Duncan got the answer right. Shap is a stand-in for "ball."

Put Yourself To The Test
Put yourself to the test. Listen to sentences from Alyson Abel's study to see if you can make meaning of the nonsense words. Some are stand-ins for real nouns, others are not. (All of Duncan's answers are correct.)

'I need a footstool for my gouse. She drinks milk from a gouse. You bring the drinks and I'll bring the gouse.' (04;48;56;14) 'In my room, I have a wooth. I like your shirt better than your wooth. I asked mom to get me a wooth.' Does wooth have meaning? No. (04;49;15;15) 'Her parents bought her a yadge. The sick child spent the day in his yadge. Mom piled the pillows on the yadge.' (04;49;33;13) 'He plans to repaint his nouch. I could hear them fighting through the nouch. When you leave, be sure to lock the nouch.' ((04;50;07;08) 'Mom spent time cleaning her rouch. He stood up on the rouch. The dinner is on the rouch.' (04;50;24;28) 'I was hungry so I took her thoose. The kids wanted to see the thoose.

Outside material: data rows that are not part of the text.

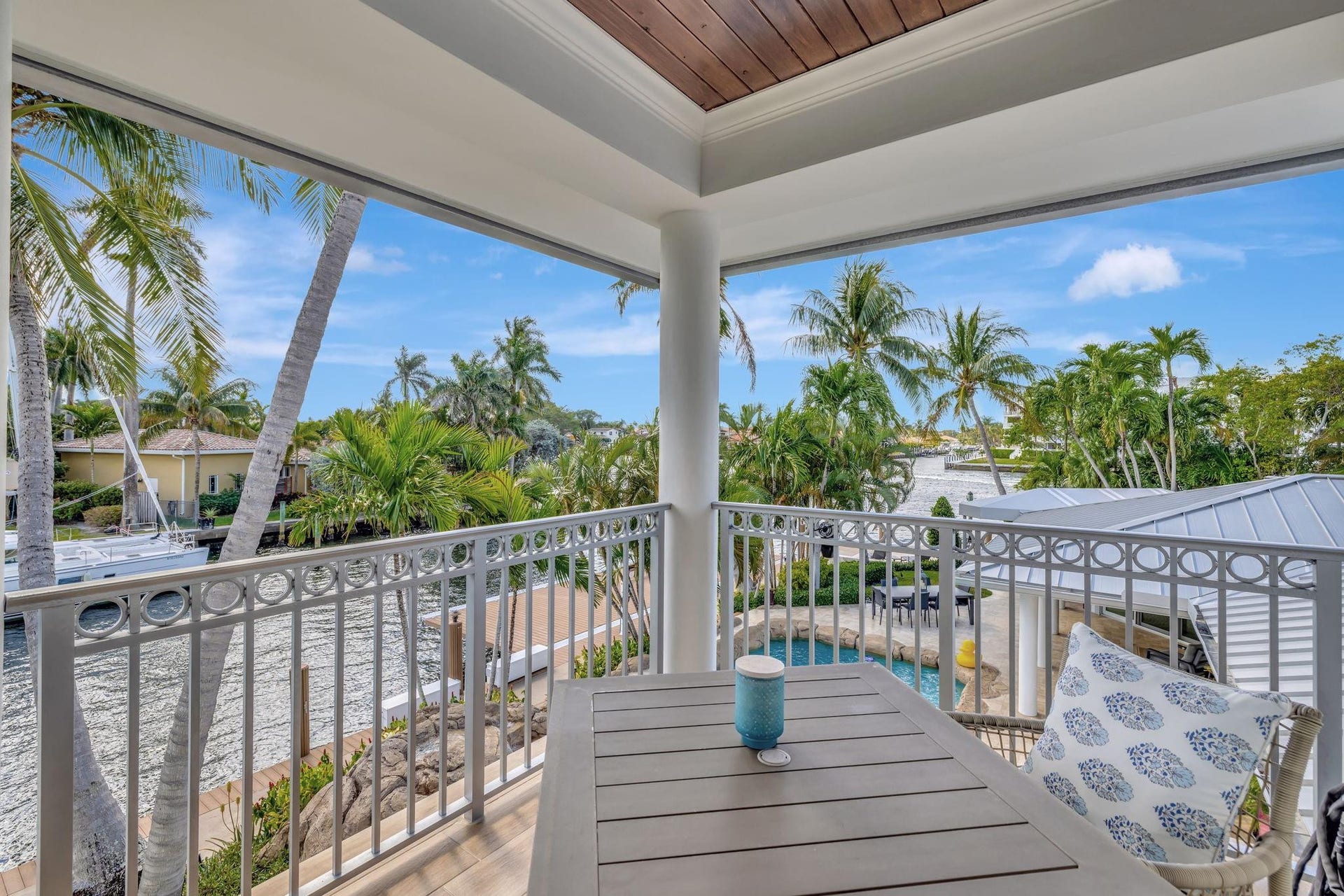 288 S Tradewinds Avenue, Lauderdale By The Sea, FL 33308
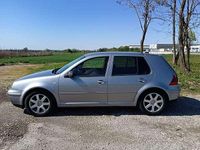 Usata VW Golf IV Highline 105 CV (77 kW) 2003 Berlina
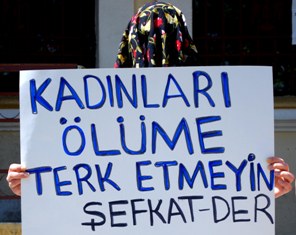 Türkiye'de her gün 3 kadın katlediliyor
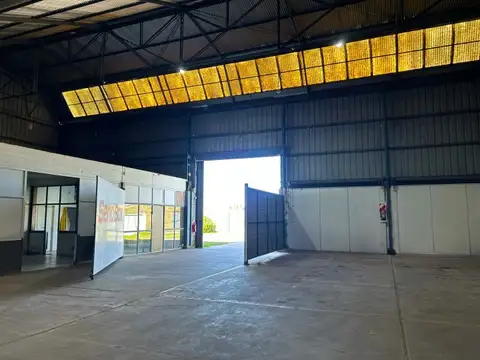 Nave 1.500 m² - Circunvalación y Autopista a Santa Fe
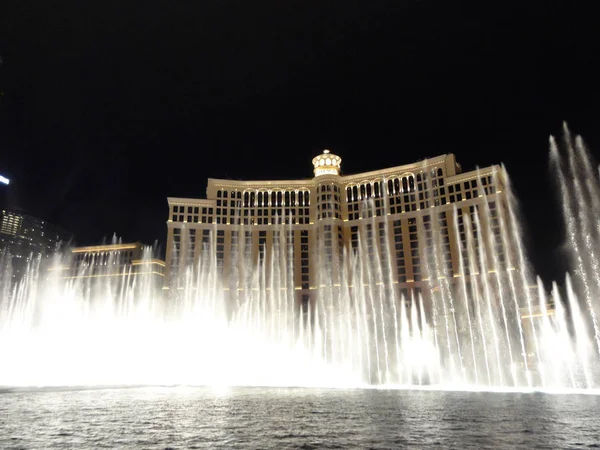 Fuentes de Bellagio por la noche — Foto de Stock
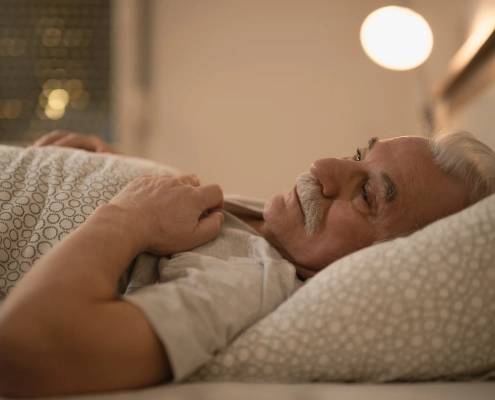 Senior améliorant la qualité de son sommeil dans un cadre apaisant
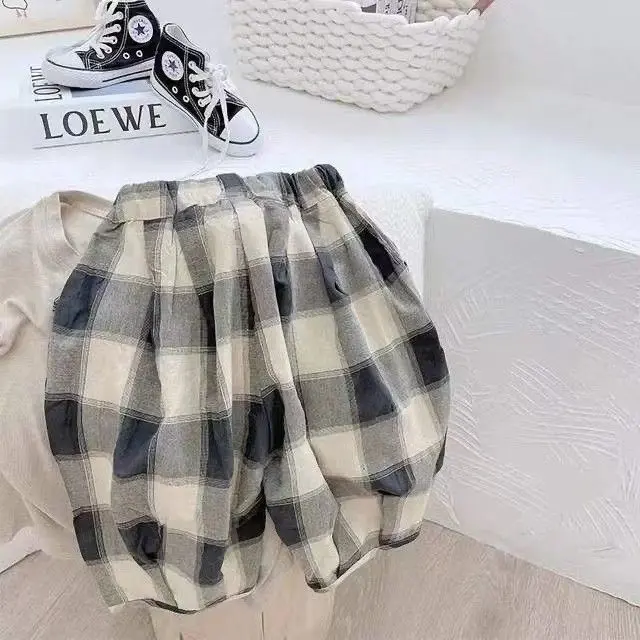 Summer thin boys' soft cotton linen checkered pants, children's casual cropped pants, children's summer loose Haren pants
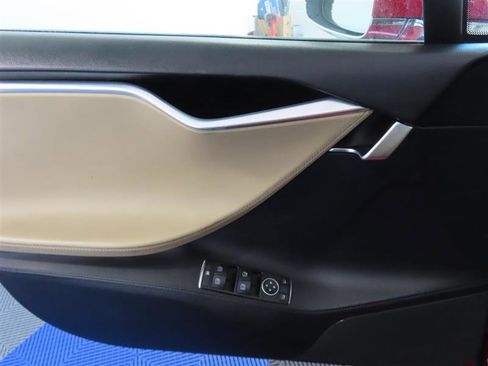 Used 2013 Tesla Model S Performance image 16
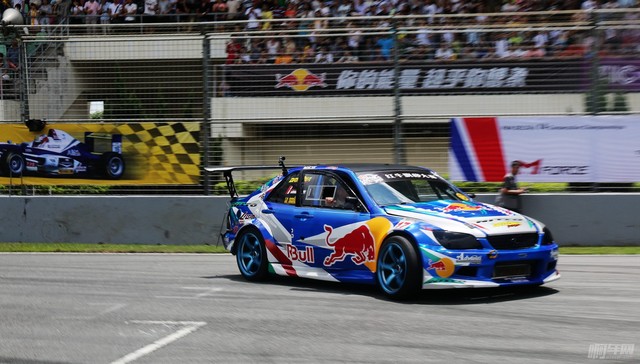 周末别宅啦快来看泛珠赛车节第一天的精彩花絮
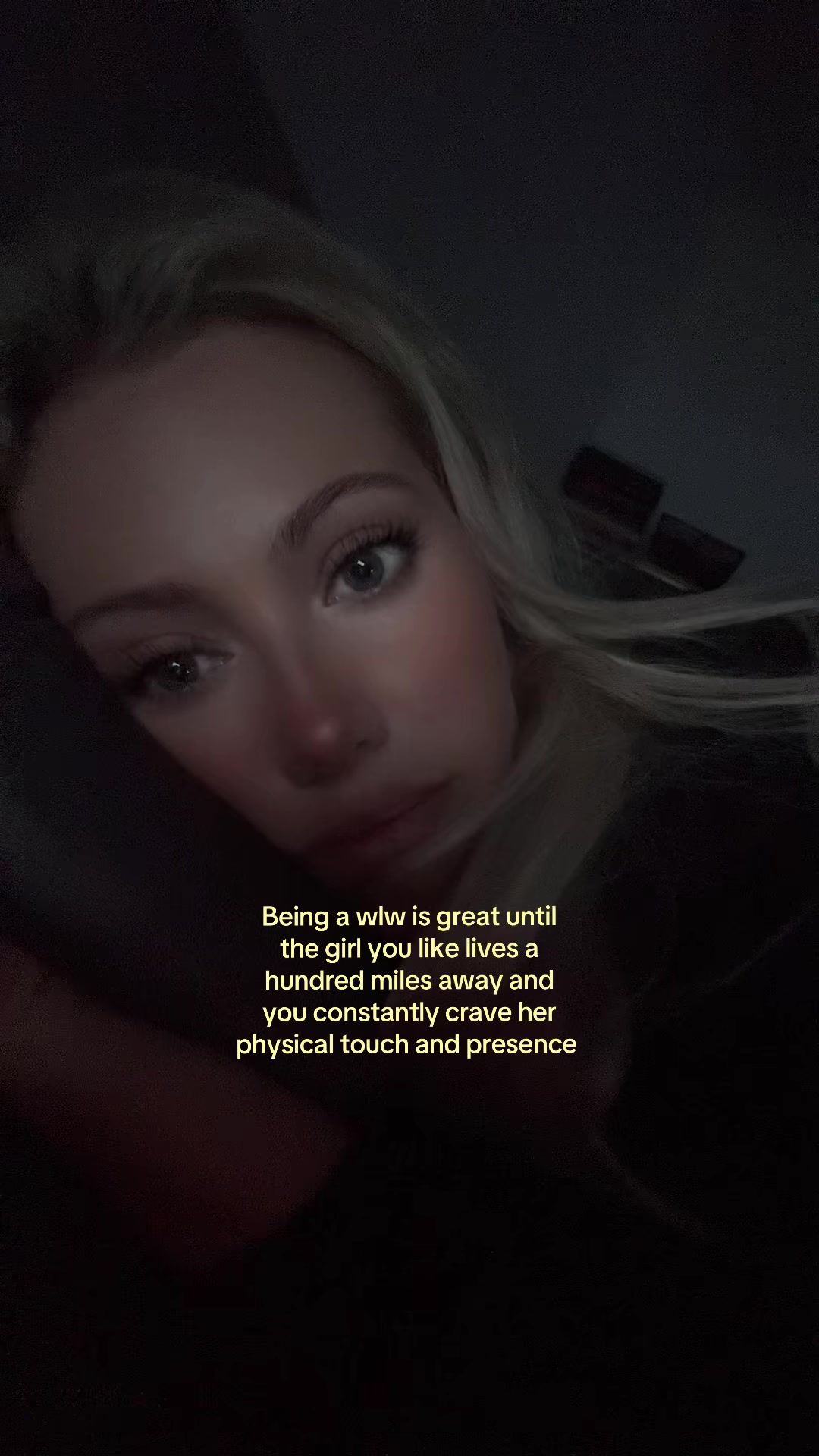 @Lisa J Evans sapphic author ⚢
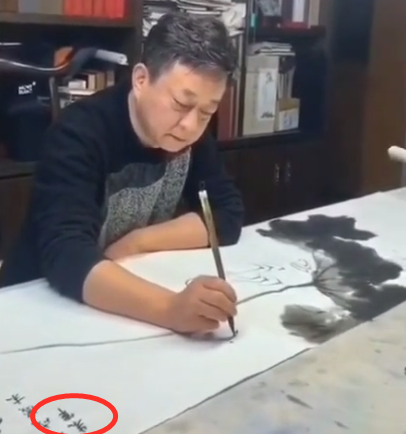 56岁朱军现身聚会，大佬聊天他指点人书法，一幅画曾卖130万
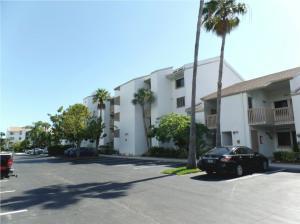 352 Palms Ave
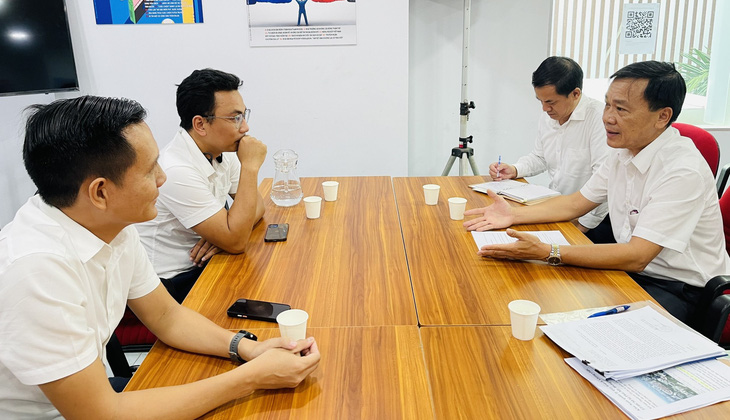 Ông Nguyễn Đình Thọ (phải), phó tổng giám đốc Công ty TNHH phát triển Phú Mỹ Hưng, trao đổi với Tuổi Trẻ về các nội dung thanh tra liên quan Phú Mỹ Hưng - Ảnh: LÊ PHAN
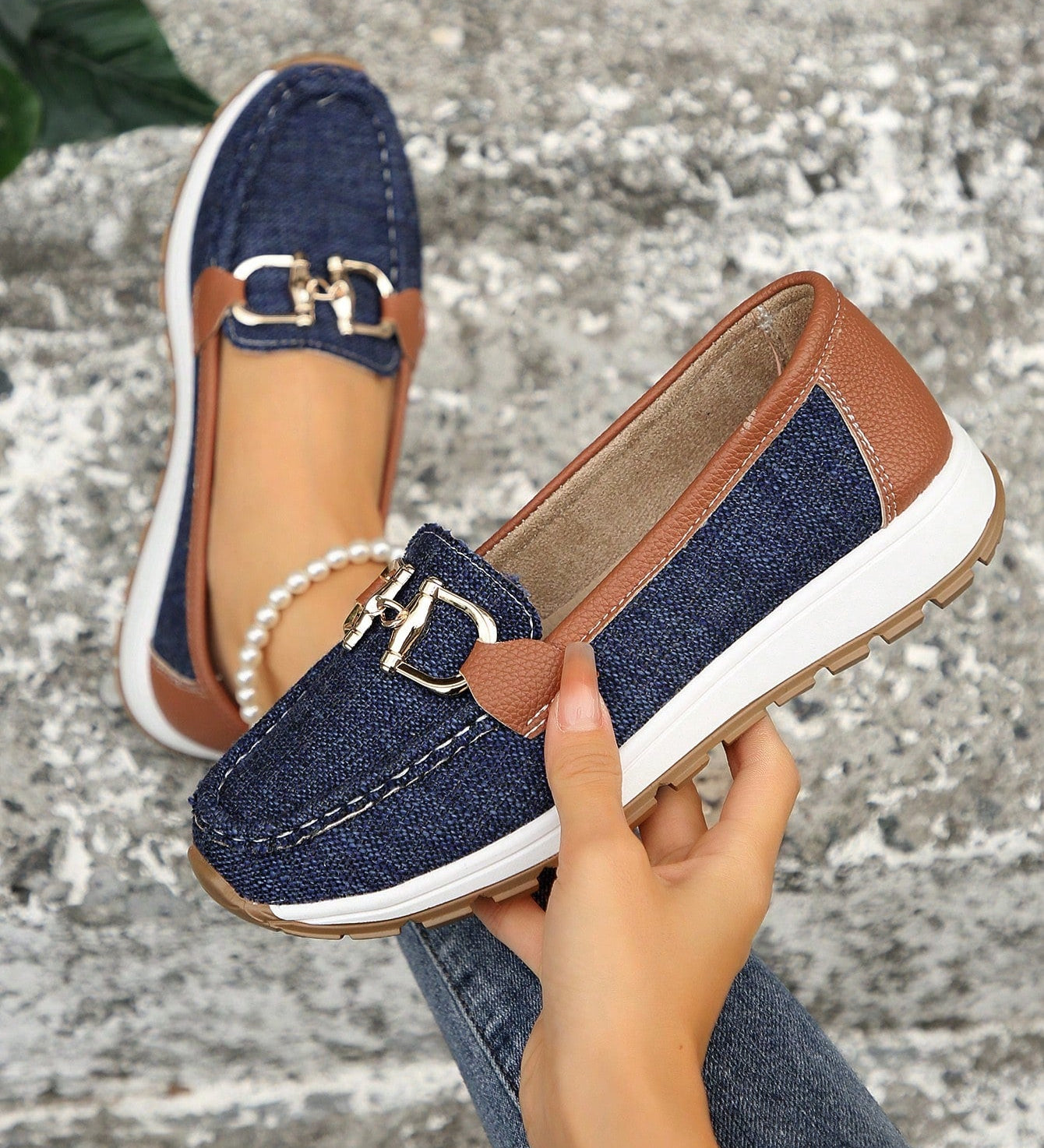 Bequeme Damen-Loafers mit elegantem Metallakzent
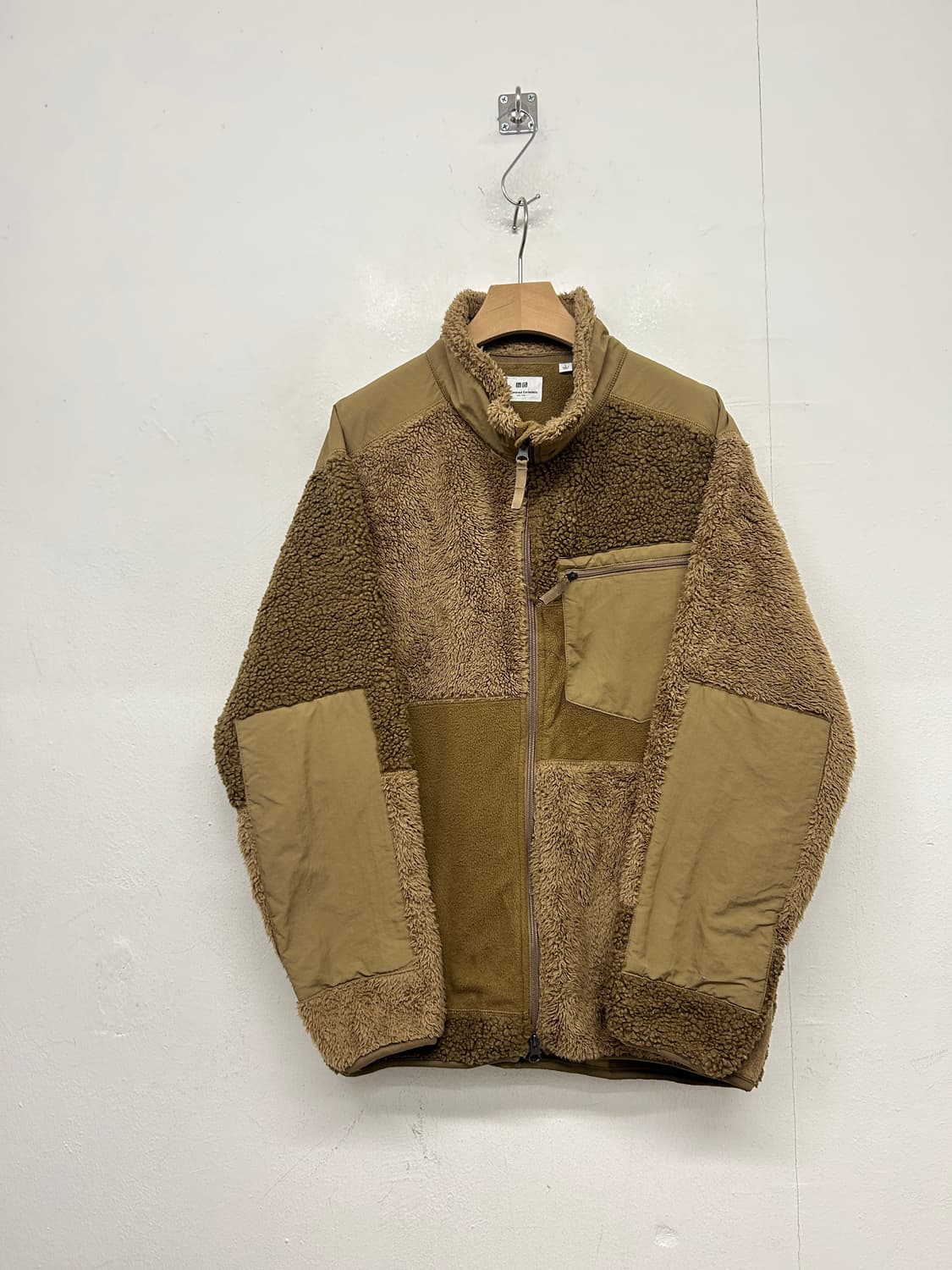 유니클로 엔지니어드가먼츠 플리스 집업자켓 상품이미지1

I am very allergic to the thoose.' (04;50;40;16) 'Before you get food, grab a naf. The cake was decorated with a naf. When I sit there I can see the naf. (04;50;58;20) 'The bird pooped on my tabe. My brother let me borrow his tabe. I like to drive my tabe.'

Abel has crafted more than 700 of these sentence sets so she can chart the progression in brain activity as children hear them. In this way, she can actually see learning happening.

It starts with a big dip on the line graph during the first sentence, "The boys fought over the shap." That dip means Duncan is confused — his neurons aren't sure what he’s just encountered. The second and third sentences add context. "They played catch with the shap. I like to throw the shap." The dip gets shallower and shallower until it becomes a peak on the line graph.

"So the third time they hear the nonsense word, it looks like their brain is processing it like it's a real word," Abel said. "The brain is responding to it the exact same way that the brain responds to a known word."

That response is called N400 and is well-known among cognitive scientists. It looks the same for every person regardless of age or IQ. What changes, depending on the person or setting, is how long it takes for the brain to have the response.

Abel likens what's going on in the brain during her exercise to a team of workers.

"So the first time there's a lot of work. The neurons are working really hard to figure out what this word is and how it's going to fit it into the sentence," Abel said. "And then the second time that they hear the nonsense word, the brain is working less hard because now it's heard the word and they've started to attach meaning to it. And then, in this case, the third time that they hear the word there is less effort involved because they've already been able to attach meaning to this word."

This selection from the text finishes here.